Everything in the listing should be set down exactly, apart from the pictures.

- [Data extract]:

++++

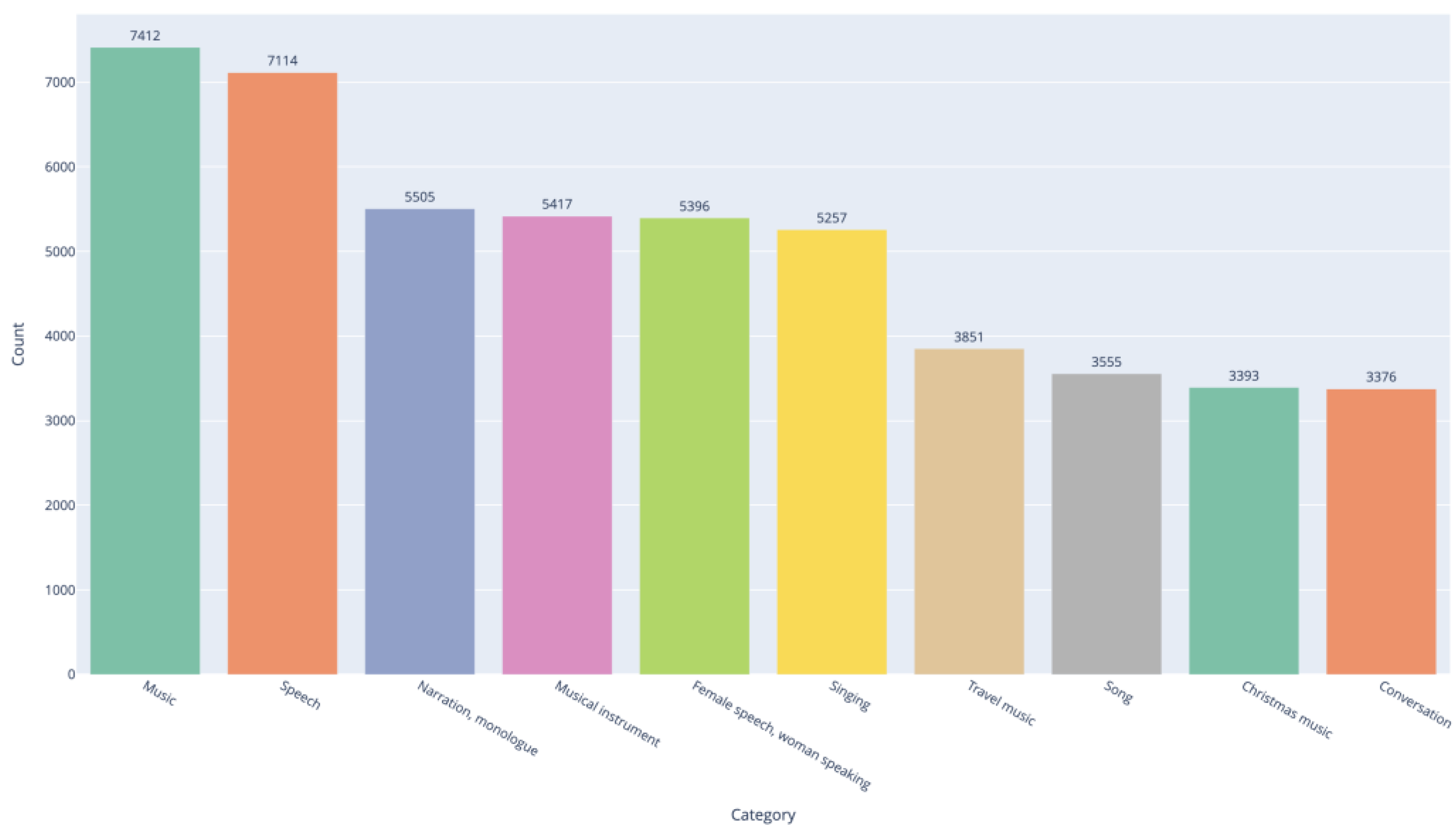 Preprints 183956 g006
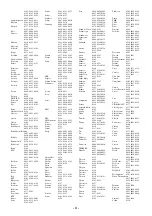 Preview for 83 page of Yamaha RX-V371 Series Owner'S Manual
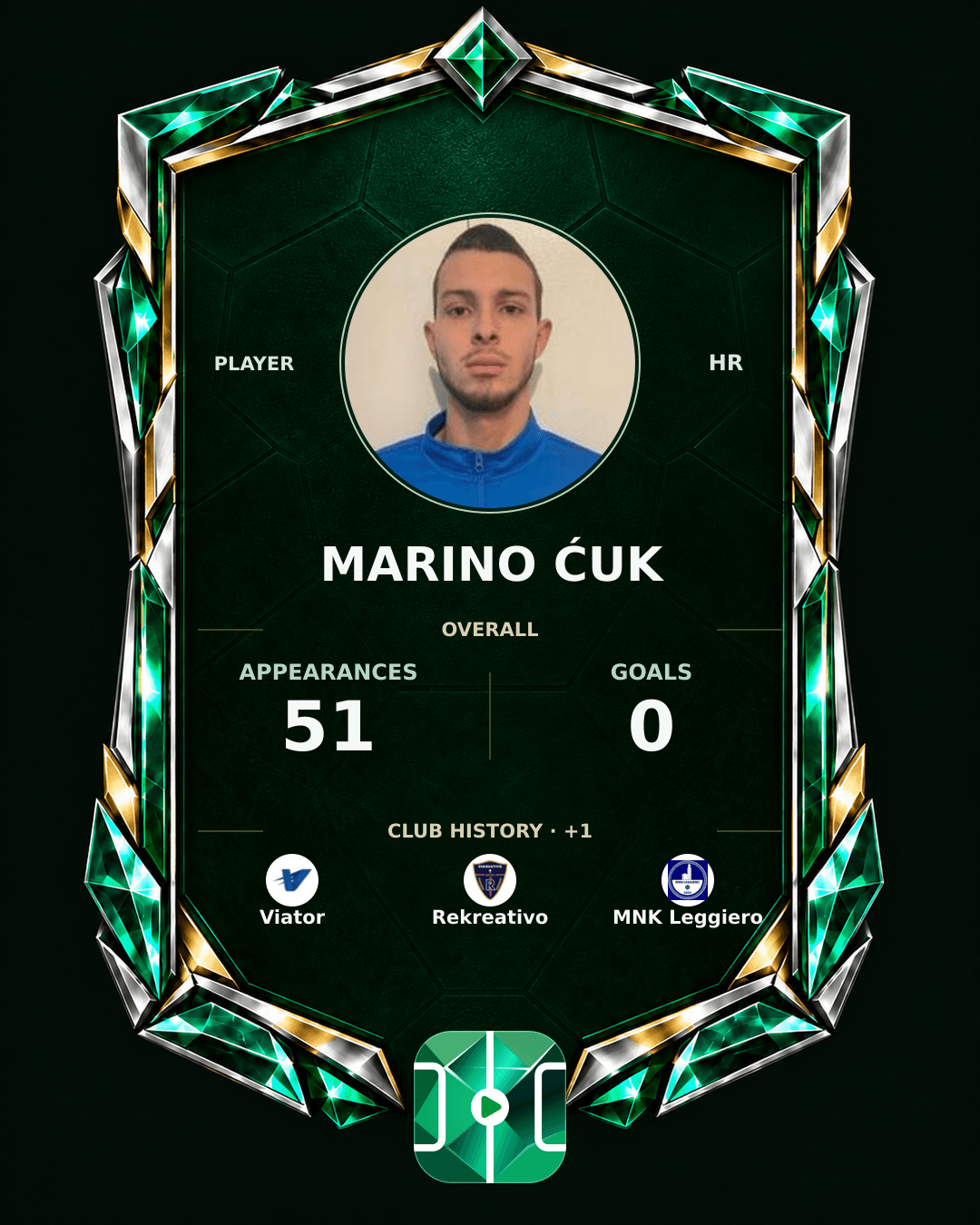 Marino Ćuk's PLAYGRND profile graphic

++++

- [Answer to this problem]:
 Preprints 183956 g006
 Preview for 83 page of Yamaha RX-V371 Series Owner'S Manual
 Marino Ćuk's PLAYGRND profile graphic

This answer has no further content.